DfE announces £7m innovation funding to three projects

Joe Lepper
Tuesday, January 24, 2017

Three projects will share a total of £7m in funding from the Department for Education's social care innovation progamme, it has been announced.

Children's minister Edward Timpson said the social care innovation programme is helping to transform children's lives. Picture: Parliament TV
Children's minister Edward Timpson said the social care innovation programme is helping to transform children's lives. Picture: Parliament TV

The money, which will be split between Dorset County Council, Bradford Council, and children's charity Coram, brings the total awarded under the latest round of the innovation fund to £29m.

Dorset Council will use the money to improve outcomes for children and families in the county, including through providing additional training and development for staff, and has been given funding for two years.

Bradford Council has been awarded funding for two years for its Rethinking Social Care project, which aims to improve integrated care for children in the City with complex needs.

Coram will use the money to work with four councils - Northamptonshire County Council, Manchester City Council, Reading Council and Slough Council - to help them make better use of data to improve the stability of long-term foster placements as well as improve post-18 support.

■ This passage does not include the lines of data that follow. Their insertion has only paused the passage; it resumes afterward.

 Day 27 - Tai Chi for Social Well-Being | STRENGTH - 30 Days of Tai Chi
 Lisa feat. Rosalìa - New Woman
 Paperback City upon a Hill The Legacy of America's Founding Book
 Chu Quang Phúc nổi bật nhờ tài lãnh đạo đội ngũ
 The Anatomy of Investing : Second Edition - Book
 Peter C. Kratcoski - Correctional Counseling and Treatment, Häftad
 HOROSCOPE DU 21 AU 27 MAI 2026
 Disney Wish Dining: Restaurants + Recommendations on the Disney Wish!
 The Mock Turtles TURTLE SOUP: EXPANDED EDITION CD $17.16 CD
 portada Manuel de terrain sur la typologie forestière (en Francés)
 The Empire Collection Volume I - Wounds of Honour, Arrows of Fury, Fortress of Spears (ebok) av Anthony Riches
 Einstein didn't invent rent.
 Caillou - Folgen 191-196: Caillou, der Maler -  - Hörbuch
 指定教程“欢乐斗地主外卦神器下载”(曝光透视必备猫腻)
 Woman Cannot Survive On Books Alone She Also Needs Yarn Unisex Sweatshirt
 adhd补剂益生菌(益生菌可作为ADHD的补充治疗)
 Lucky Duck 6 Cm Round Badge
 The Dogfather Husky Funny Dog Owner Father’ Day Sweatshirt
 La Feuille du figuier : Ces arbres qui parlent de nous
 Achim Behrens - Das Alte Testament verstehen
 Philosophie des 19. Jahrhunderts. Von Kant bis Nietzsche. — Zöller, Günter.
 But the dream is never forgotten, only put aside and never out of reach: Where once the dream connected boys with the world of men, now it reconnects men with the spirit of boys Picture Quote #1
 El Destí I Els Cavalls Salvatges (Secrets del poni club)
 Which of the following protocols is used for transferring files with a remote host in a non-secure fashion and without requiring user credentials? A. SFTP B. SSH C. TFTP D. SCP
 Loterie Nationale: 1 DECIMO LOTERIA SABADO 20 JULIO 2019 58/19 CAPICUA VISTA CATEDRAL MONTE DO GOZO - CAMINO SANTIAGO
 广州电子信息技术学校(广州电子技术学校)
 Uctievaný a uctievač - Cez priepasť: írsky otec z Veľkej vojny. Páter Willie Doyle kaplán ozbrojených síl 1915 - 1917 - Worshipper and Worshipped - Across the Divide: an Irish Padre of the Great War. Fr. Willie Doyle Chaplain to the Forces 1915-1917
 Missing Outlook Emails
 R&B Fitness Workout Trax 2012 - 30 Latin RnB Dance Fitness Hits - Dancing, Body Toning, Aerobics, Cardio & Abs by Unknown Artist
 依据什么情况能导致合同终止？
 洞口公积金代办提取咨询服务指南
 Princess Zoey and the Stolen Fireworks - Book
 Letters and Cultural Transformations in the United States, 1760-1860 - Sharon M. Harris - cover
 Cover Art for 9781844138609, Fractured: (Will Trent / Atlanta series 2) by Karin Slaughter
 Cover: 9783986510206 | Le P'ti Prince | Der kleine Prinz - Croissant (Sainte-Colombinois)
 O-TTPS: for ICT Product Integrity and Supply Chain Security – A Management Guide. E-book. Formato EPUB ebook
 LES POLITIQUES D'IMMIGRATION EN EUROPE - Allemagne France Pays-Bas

Coram director of operations Renuka Jeyarajah-Dent, said: "We are delighted to receive this innovation grant, which aims to promote the placement of children who cannot live at home, with alternative families who can look after them for the long term.

"The project will focus on long-term fostering and make sure that the best placement is actively pursued to best meet the needs of the child."

Children's minister Edward Timpson, said: "It is fantastic to see the range of projects funded as part of the innovation programme, and it is clear to me that this work is helping to transform children's services.

"We know that children thrive when the professionals who care for them are given the freedom to turn their passion and expertise into providing life-changing support. The department has worked with each one of these projects to look at what we can learn from their ideas, and it is good to see that many of them will continue to support vulnerable children and families in the future."

The first money handed out under the 2016/17 round of the innovation programme, £11m of funding announced last November, went to three of the programme's most successful initiatives and schemes from previous rounds.

This included The Pause Project, which supports women who have already had a child taken into care to break a cycle of repeat pregnancies and care proceedings.

Last April the government pledged to plough £200m for the scheme up to 2020.

* The DfE has contacted CYP Now to clarify that the £1.6m funding for Bradford Council was previously announced as part £11m handed to 19 children's services departments last month.